The first great Western RPG has been lovingly restored in Ultima Forever – return to the Ultima series in BioWare’s new cross-platform action RPG. Accept the challenge from Lady British and save the land of Britannia. Play as the Fighter or the Mage and travel alone or with friends, restore virtue and become the Avatar!
From EA’s newly announced Ultima Forever
Hah! Lady British!
It was just seven months ago, give or take a week, that the madness of Lord British seemed to find some focus and he began openly expressing a fondness for Electronic Arts in various interviews.
This seemed to be a pretty thinly veiled attempt to create popular support for the return of Richard Garriott de Cayeux to the arms of EA, where he could take over and revive the Ultima series of games, primarily by being able to set his planned Ultimate RPG in the Britannia setting. As he put it:
“What essentially makes an Ultima an Ultima is the principles of design,” Garriott explained. “And I’m very confident that when players sit down with this new world they will very quickly recognise that, whether or not we end up doing any deal with Electronic Arts.
“This is clearly the spiritual successor of the Ultima series,” he said.
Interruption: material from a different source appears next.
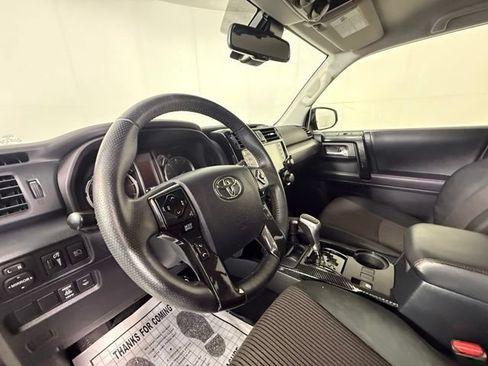 Used 2022 Toyota 4Runner TRD Off-Road AWD/4WD image 8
Or, as he put it before his attempt to woo EA:
I can’t control EA plans for the word Ultima. But we all know that only my team can create the true heir to my previous work.
This expression of fondness was tempered not just by ego, but also by complaints about the sports game mindset at EA, on which he laid the blame for the failure of Ultima VIII to beat Diablo to market, which made me wonder exactly how serious he was. Still, at the time of these expressions, Lord British said he was talking with EA about the prospect.
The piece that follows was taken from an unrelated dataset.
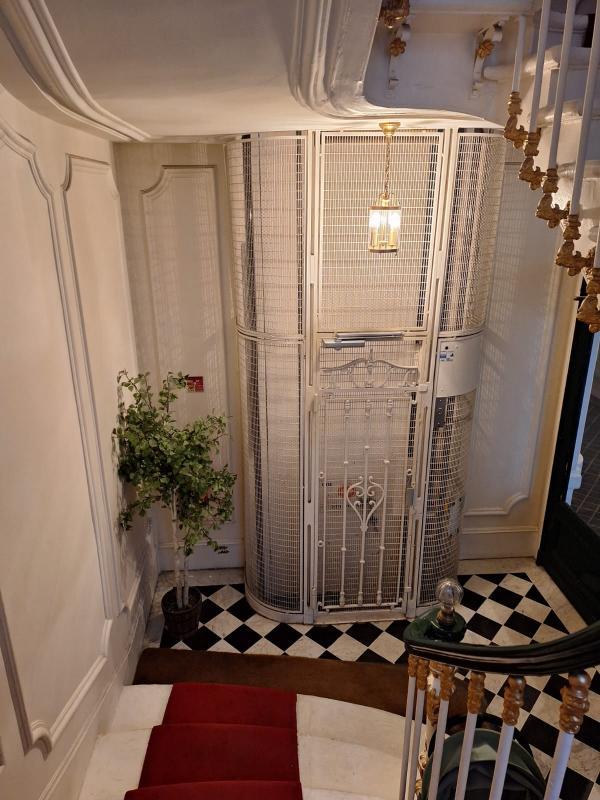 Appartement bourgeois - 128 m² - 5 pièces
EA just never got the memo.
EA, in response to all of this, said that they were not involved in any talks with Mr. Garriott de Cayeux, at which point somebody somebody from Portalarium stepped in and explained that the constrains of the time-space continuum do not really apply to Lord British, so that the fact he had at one point in the past… in our sense of time… broached the subject with EA meant that, from his perspective, he was always and eternally involved in such discussions. Or something like that.
Anyway, this all died down and Lord British went on to express fondness for a movie about himself, his garage sale game, and the Mayans.
But the fate and future path of the Ultima franchise was still in play.
And today we know why EA suddenly got up in the face of people remaking Ultima IV a while back. It was because they planned to remake it themselves. Lord British and his expressions of fondness were but a vain hope.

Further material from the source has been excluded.